Beneficiarios. En caso de fallecimiento de un empleado público o trabajador oficial en servicio, el seguro por muerte a que se refiere el artículo anterior se pagará a los beneficiarios que a continuación se determinen
La mitad al cónyuge sobreviviente y la otra mitad a los hijos legítimos y naturales del empleado o trabajador, en concurrencia estos últimos en las proporciones establecidas por la ley civil.
Si no hubiere cónyuge sobreviviente ni hijos naturales, la prestación corresponderá íntegramente a los hijos legítimos.
Si no hubiere hijos legítimos, la porción de éstos corresponde a los hijos naturales en concurrencia con el cónyuge sobreviviente.
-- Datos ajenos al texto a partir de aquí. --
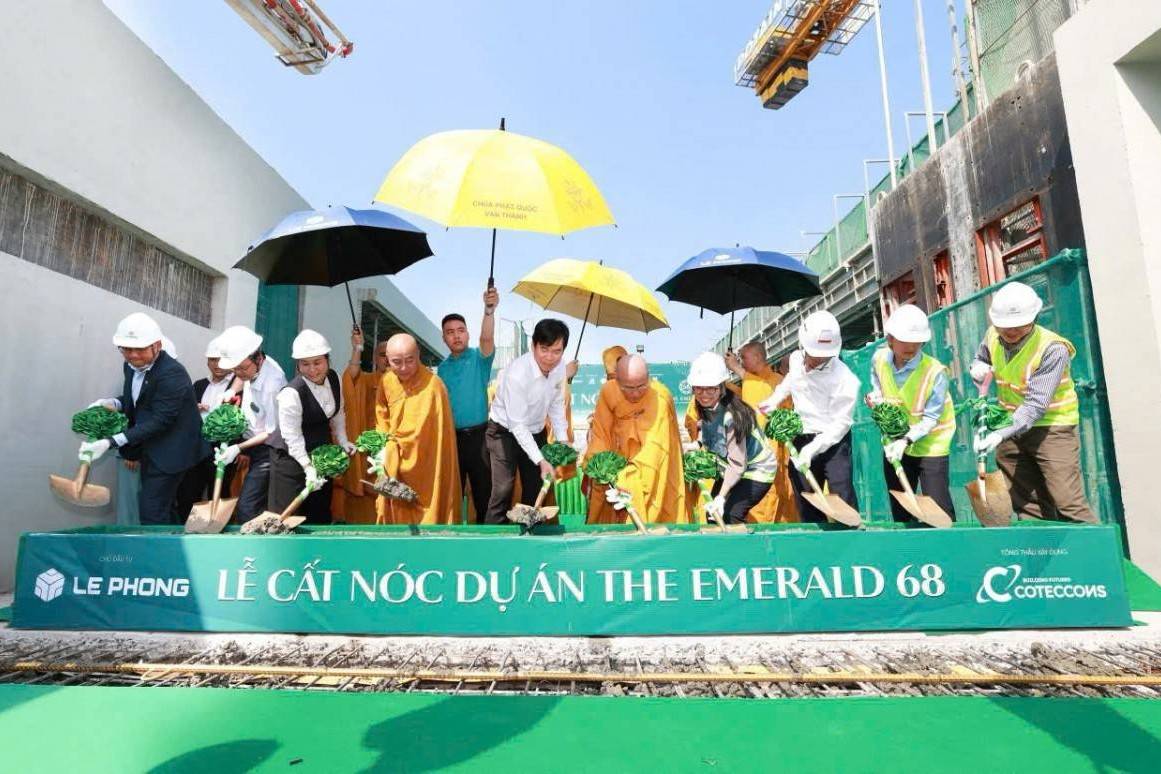 Lê Phong Group cất nóc The Emerald 68, dấu ấn tiến độ trên trục bất động sản cửa ngõ Đông Bắc TP Hồ Chí Minh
Si no hubiere cónyuge sobreviviente, ni hijos legítimos, el monto de la prestación se dividirá así la mitad para los padres legítimos o naturales y la otra mitad para los hijos naturales.
A falta de padres legítimos o naturales, llevarán toda la prestación los hijos naturales.
Si no concurriere ninguna de las personas indicadas en este artículo, llamadas en el orden preferencial en el establecido, la prestación se pagará a los hermanos menores de edad previa comprobación de que dependían de él para su subsistencia.